─── SUPPLIED RECORDS ───

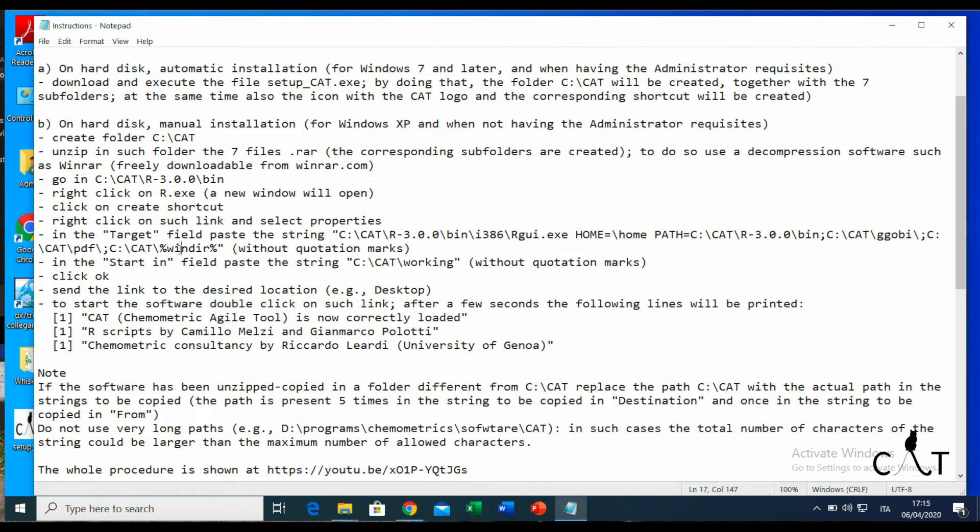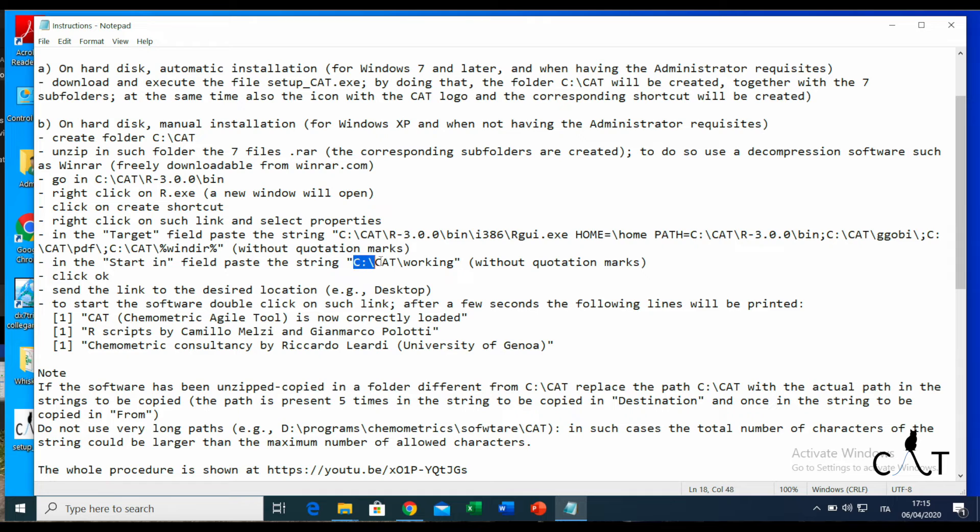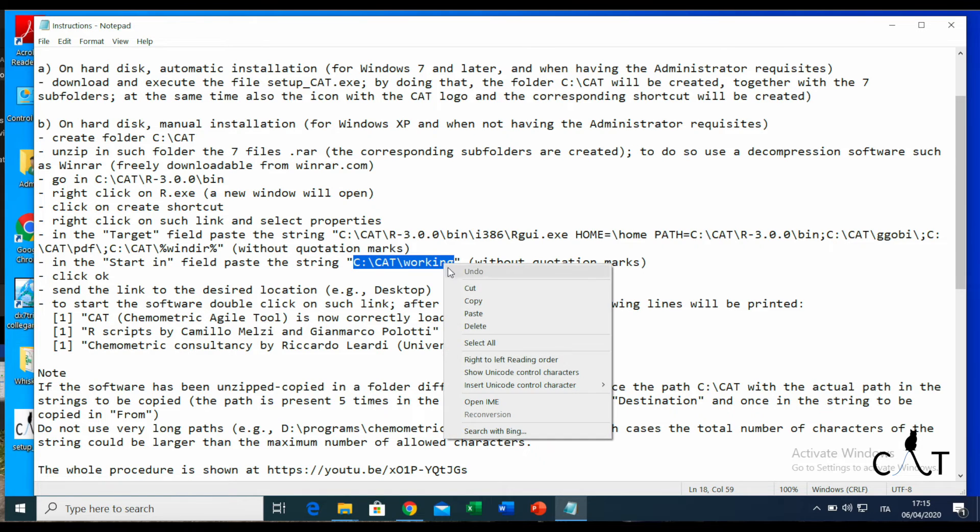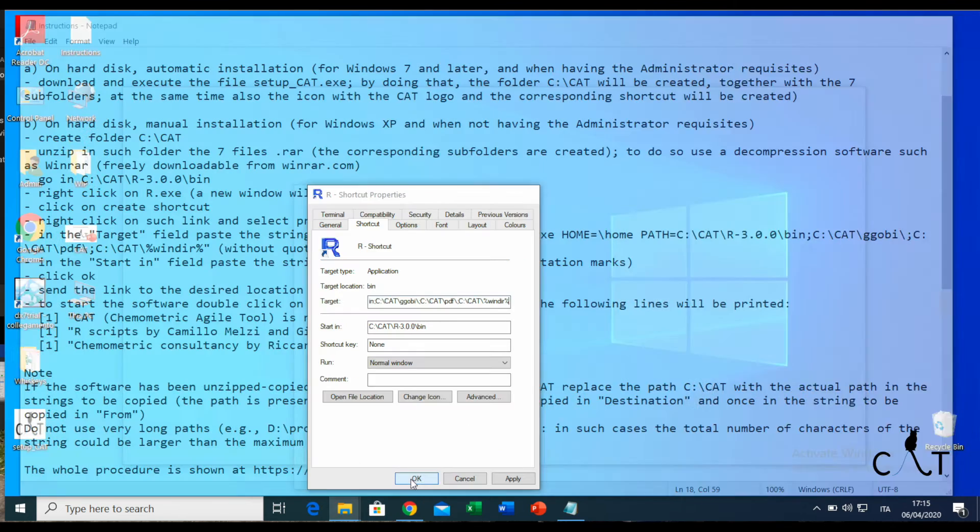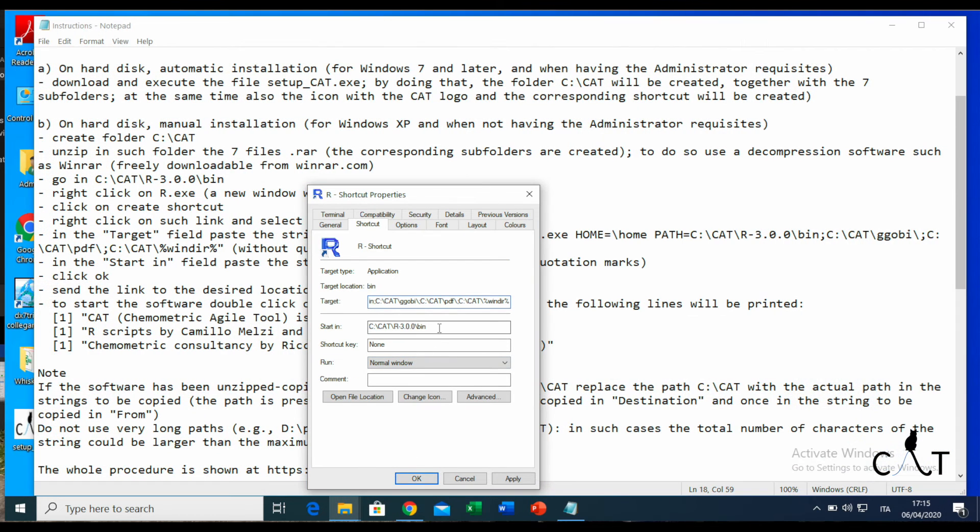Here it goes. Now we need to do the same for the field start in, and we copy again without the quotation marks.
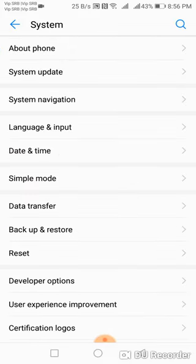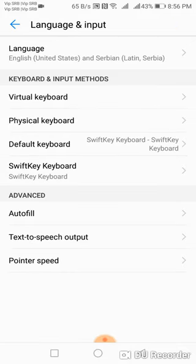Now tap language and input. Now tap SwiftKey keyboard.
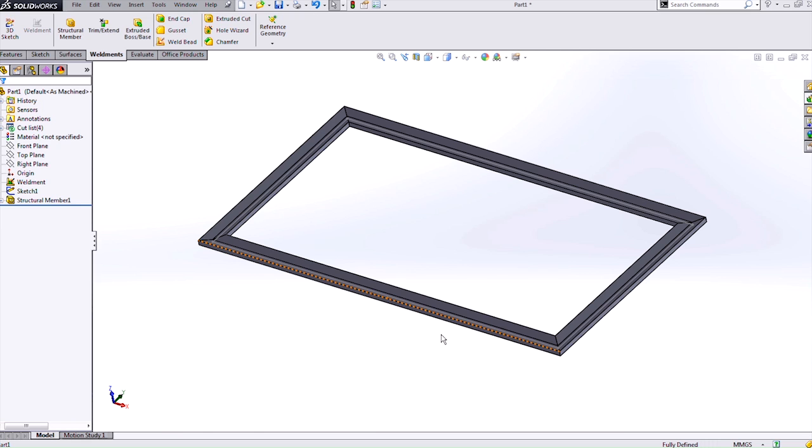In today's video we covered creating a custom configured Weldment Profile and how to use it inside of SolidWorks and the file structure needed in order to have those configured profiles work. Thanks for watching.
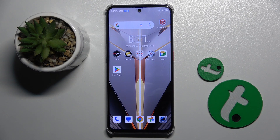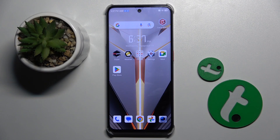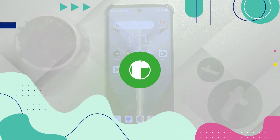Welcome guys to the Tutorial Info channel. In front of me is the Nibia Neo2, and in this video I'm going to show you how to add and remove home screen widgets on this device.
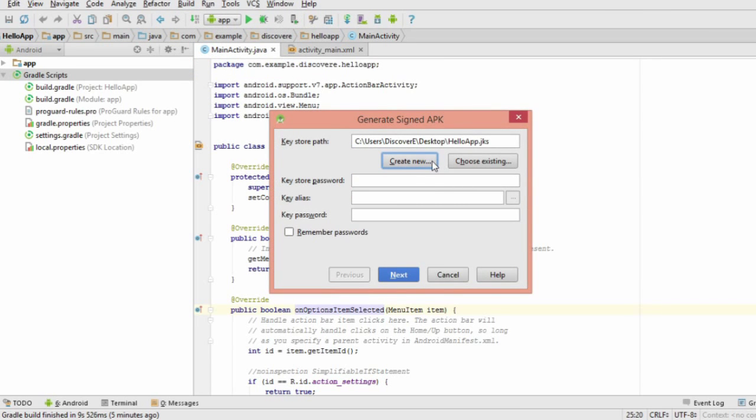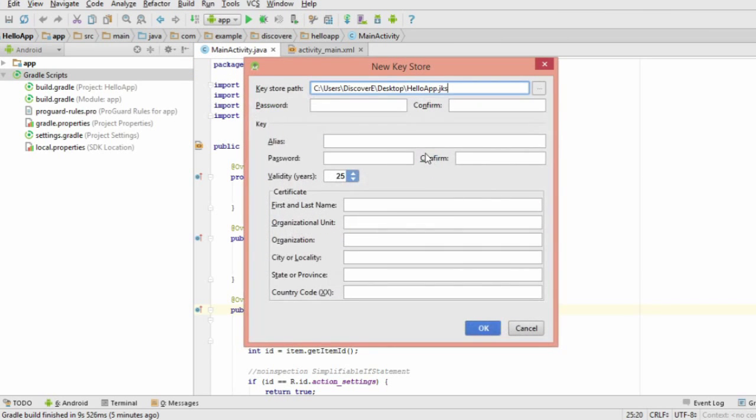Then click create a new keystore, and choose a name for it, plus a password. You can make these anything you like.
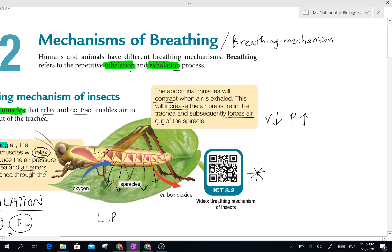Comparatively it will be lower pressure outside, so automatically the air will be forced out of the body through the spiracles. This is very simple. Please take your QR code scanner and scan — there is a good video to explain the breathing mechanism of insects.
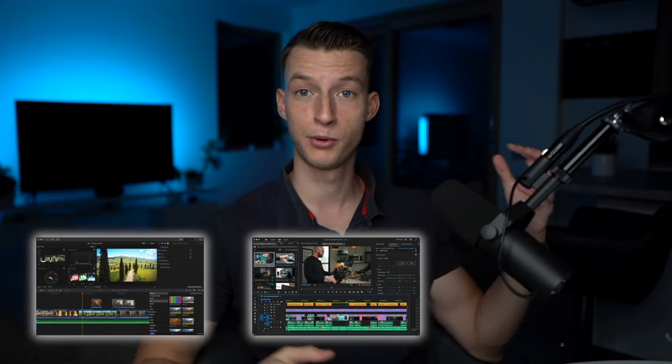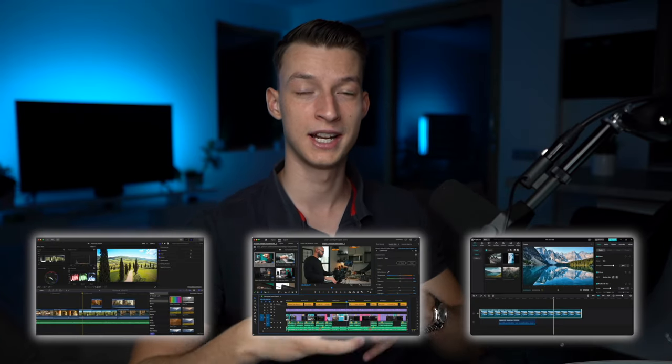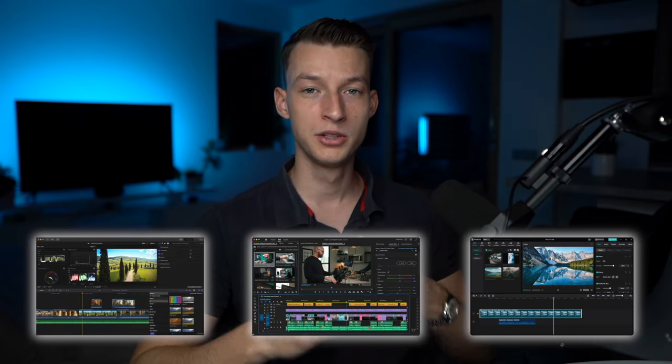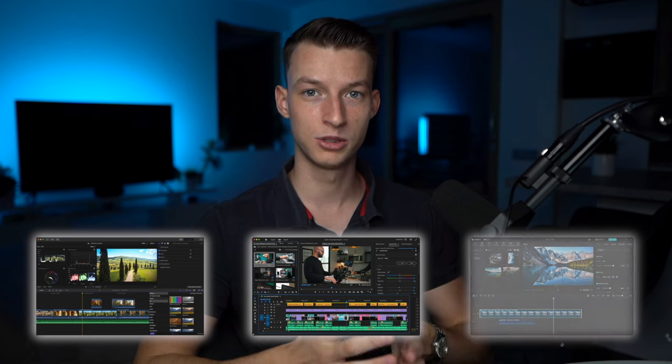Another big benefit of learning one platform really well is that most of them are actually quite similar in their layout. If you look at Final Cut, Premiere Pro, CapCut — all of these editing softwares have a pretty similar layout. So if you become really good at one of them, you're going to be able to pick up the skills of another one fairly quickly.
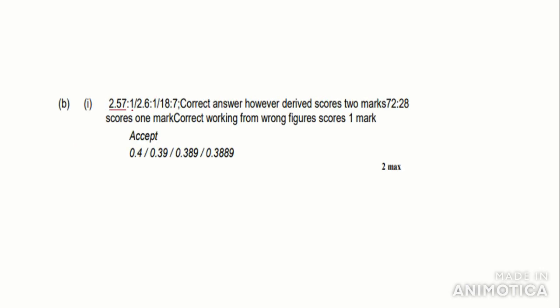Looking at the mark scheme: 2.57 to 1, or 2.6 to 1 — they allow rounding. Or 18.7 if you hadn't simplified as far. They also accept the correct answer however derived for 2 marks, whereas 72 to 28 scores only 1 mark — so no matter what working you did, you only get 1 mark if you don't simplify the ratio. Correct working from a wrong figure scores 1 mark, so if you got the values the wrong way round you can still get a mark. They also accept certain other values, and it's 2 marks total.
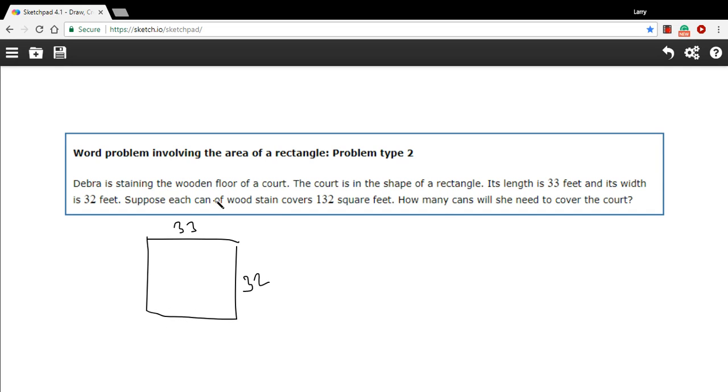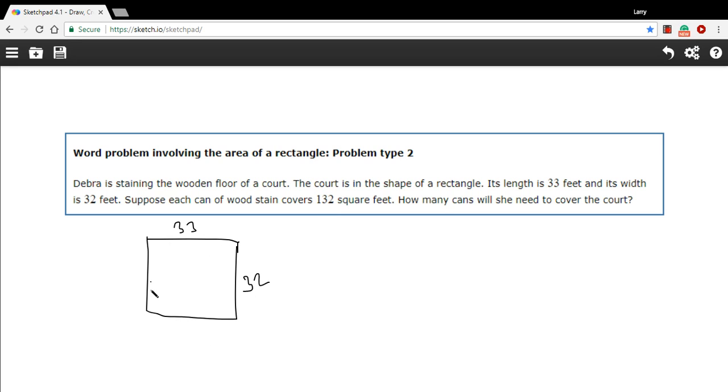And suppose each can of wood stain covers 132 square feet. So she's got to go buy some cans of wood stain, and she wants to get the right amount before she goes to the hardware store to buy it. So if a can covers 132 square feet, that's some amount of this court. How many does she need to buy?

───

_WHAT TO WORK ON_
What is needed is every record above, restated word for word, with the pictures left out.

_EXERCISE SOLUTION_
Here it goes. Now we need to do the same for the field start in, and we copy again without the quotation marks.
Now tap language and input. Now tap SwiftKey keyboard.
In today's video we covered creating a custom configured Weldment Profile and how to use it inside of SolidWorks and the file structure needed in order to have those configured profiles work. Thanks for watching.
Welcome guys to the Tutorial Info channel. In front of me is the Nibia Neo2, and in this video I'm going to show you how to add and remove home screen widgets on this device.
Then click create a new keystore, and choose a name for it, plus a password. You can make these anything you like.
Comparatively it will be lower pressure outside, so automatically the air will be forced out of the body through the spiracles. This is very simple. Please take your QR code scanner and scan — there is a good video to explain the breathing mechanism of insects.
Another big benefit of learning one platform really well is that most of them are actually quite similar in their layout. If you look at Final Cut, Premiere Pro, CapCut — all of these editing softwares have a pretty similar layout. So if you become really good at one of them, you're going to be able to pick up the skills of another one fairly quickly.
Looking at the mark scheme: 2.57 to 1, or 2.6 to 1 — they allow rounding. Or 18.7 if you hadn't simplified as far. They also accept the correct answer however derived for 2 marks, whereas 72 to 28 scores only 1 mark — so no matter what working you did, you only get 1 mark if you don't simplify the ratio. Correct working from a wrong figure scores 1 mark, so if you got the values the wrong way round you can still get a mark. They also accept certain other values, and it's 2 marks total.
And suppose each can of wood stain covers 132 square feet. So she's got to go buy some cans of wood stain, and she wants to get the right amount before she goes to the hardware store to buy it. So if a can covers 132 square feet, that's some amount of this court. How many does she need to buy?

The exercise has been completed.